How fast is the SSD inside an M1 Mac?

There now seems no doubt that, by any standards or comparisons, Apple’s first Apple Silicon Macs, its M1 models, are wickedly quick. Their one crucial performance area which isn’t as clear is their internal storage: I’ve seen a range of benchmark results which either set them on a par with T2-equipped Macs like my iMac Pro, or just seem puzzling.

One clear conclusion for the moment is that relative performance of M1 Macs depends on which benchmark you use. Blackmagic Disk Speed Test, available from the App Store, is now a Universal App, but returns read and write benchmarks of between 2.7 and 3.5 GB/s, which are very similar to those of a T2 model.

I’m very grateful to Jay, who alerted me to different figures being reported by ATTO Disk Benchmark (available on request from ATTO). Before showing those from an M1 model, this is a typical set of results from my iMac Pro:

attoimacpro

Once read and write sizes exceed about 4 MiB, transfer speeds settle at around 2.8 GB/s for reads, and 3.4 GB/s for writes.

attom1mini1

Results for my M1 Mac mini, with a 500 GB internal SSD, are very different. While writes stabilise at just under 4 GB/s, even at 64 MiB, reads are continuing to increase in speed, at just under 10 GB/s. Note that Blackmagic is normally run with ‘stress’ set at 5 GB. Those results are for a single stream; increase the number of streams to 4, and the results are even more curious.

attom1mini4

Write speed has fallen fairly uniformly to around 2.5 GB/s, while read speeds have reached nearly 20 GB/s by a size of 24 MiB.

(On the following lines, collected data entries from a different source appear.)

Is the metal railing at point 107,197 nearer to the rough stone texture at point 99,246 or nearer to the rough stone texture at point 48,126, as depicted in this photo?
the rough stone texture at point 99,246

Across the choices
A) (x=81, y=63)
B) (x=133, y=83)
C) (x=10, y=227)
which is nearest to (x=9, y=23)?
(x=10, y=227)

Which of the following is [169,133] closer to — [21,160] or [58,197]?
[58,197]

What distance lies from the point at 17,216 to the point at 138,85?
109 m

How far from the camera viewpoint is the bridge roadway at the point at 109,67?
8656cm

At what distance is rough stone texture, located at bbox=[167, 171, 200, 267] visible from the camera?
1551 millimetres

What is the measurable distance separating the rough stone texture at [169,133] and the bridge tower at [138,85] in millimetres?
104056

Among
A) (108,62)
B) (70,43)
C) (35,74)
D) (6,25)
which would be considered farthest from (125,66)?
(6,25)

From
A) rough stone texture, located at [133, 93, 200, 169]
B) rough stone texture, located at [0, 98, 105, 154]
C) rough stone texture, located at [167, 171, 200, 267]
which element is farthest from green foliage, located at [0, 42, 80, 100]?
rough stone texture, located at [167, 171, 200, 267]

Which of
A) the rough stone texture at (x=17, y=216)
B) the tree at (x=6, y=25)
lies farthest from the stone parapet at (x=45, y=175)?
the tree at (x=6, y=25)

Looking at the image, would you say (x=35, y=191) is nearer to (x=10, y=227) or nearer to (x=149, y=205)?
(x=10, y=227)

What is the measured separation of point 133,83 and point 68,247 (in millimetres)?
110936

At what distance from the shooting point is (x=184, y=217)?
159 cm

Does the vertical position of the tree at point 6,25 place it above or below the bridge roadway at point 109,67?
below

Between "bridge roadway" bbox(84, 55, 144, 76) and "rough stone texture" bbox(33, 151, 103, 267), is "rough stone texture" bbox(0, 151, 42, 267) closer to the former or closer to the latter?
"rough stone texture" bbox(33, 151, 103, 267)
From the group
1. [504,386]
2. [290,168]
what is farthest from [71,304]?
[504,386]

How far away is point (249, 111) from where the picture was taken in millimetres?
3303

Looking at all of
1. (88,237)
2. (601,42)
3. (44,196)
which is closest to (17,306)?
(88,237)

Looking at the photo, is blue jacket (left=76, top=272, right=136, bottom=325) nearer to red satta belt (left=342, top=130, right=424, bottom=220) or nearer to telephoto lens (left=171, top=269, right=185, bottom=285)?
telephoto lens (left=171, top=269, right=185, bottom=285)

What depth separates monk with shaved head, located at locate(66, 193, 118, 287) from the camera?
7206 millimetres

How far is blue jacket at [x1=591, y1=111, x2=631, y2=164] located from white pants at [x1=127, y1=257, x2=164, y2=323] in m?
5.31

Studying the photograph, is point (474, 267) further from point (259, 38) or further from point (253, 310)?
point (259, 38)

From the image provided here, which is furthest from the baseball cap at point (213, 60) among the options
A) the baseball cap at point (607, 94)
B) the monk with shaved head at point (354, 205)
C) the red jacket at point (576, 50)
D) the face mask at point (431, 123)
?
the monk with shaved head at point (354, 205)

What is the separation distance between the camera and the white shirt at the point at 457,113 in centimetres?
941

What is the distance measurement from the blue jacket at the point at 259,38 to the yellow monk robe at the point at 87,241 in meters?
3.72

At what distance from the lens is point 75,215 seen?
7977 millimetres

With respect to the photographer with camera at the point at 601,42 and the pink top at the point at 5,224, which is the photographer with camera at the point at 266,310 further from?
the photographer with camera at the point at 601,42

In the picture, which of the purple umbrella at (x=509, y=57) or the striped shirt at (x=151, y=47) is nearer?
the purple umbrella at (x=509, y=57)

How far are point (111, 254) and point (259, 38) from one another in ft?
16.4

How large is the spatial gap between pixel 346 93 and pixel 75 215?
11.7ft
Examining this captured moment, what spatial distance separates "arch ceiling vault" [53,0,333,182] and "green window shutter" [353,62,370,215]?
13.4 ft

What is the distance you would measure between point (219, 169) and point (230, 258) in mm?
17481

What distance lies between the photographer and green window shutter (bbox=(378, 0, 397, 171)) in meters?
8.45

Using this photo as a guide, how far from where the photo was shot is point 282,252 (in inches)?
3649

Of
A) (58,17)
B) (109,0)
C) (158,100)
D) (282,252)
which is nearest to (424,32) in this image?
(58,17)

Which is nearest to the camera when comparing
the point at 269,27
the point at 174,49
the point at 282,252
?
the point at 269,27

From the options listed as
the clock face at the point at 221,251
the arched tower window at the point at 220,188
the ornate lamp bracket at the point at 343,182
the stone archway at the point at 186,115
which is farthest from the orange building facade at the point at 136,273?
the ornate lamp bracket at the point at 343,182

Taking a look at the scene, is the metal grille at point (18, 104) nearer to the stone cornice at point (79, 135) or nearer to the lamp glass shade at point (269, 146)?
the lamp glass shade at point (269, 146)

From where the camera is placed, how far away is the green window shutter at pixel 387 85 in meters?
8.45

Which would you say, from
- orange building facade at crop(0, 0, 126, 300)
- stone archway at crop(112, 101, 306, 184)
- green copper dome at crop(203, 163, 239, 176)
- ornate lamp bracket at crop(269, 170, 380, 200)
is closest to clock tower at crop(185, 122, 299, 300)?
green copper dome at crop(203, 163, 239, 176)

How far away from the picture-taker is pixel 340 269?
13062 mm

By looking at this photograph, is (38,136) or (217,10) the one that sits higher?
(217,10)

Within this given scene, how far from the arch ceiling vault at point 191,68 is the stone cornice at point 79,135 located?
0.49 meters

Those ATTO benchmarks look impressive, but do they make sense? It’s worth noting here that this app isn’t yet Universal, so runs with Rosetta 2 translation. Could that have an effect, perhaps? One potential problem is that the M1 uses a different Mach timebase from Intel processors. However, when apps are run using Rosetta, Mach times are expressed as if the app was running on an Intel processor, so that seems most unlikely to lead to potential error.

Faced with this apparent conflict, the only resort is to my own code. By a strange coincidence one of my unreleased utilities, Vandal, has a feature which creates files of arbitrary size and content. I therefore modified that to perform timed writes and reads of files of set sizes. Here are my initial results.

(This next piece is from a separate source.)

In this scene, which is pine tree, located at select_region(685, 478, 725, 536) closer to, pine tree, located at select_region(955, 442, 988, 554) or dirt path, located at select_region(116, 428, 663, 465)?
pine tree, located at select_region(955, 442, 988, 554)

On my T2-equipped iMac Pro, writing a 10 MB file occurred at 1.8 GB/s, rising to 2.6 GB/s for 10 GB (a thousand times the size). Reading the same files delivered 6.2 GB/s for 10 MB, and 1.5 GB/s for 10 GB. Those results are broadly consistent with those found using Blackmagic.

On my M1 Mac mini, results were quite different. Writing occurred at 2.4 (10 MB) to 2.9 GB/s (10 GB), which is at the upper end of the T2’s performance, but reading was significantly faster at 10.8 (10 MB) falling to 3.1 GB/s (10 GB).

These suggest that the methods and settings used by the Blackmagic and ATTO benchmarks are sufficiently different as to result in such contrasting results. In limiting transfers to a maximum of 64 MiB size, the ATTO figures don’t give any information about performance when writing larger amounts, which is the performance area in which Blackmagic operates. Neither benchmark offers mixed writes and reads, nor random patterns which might better reflect real-world operation.

I think I feel another app coming on.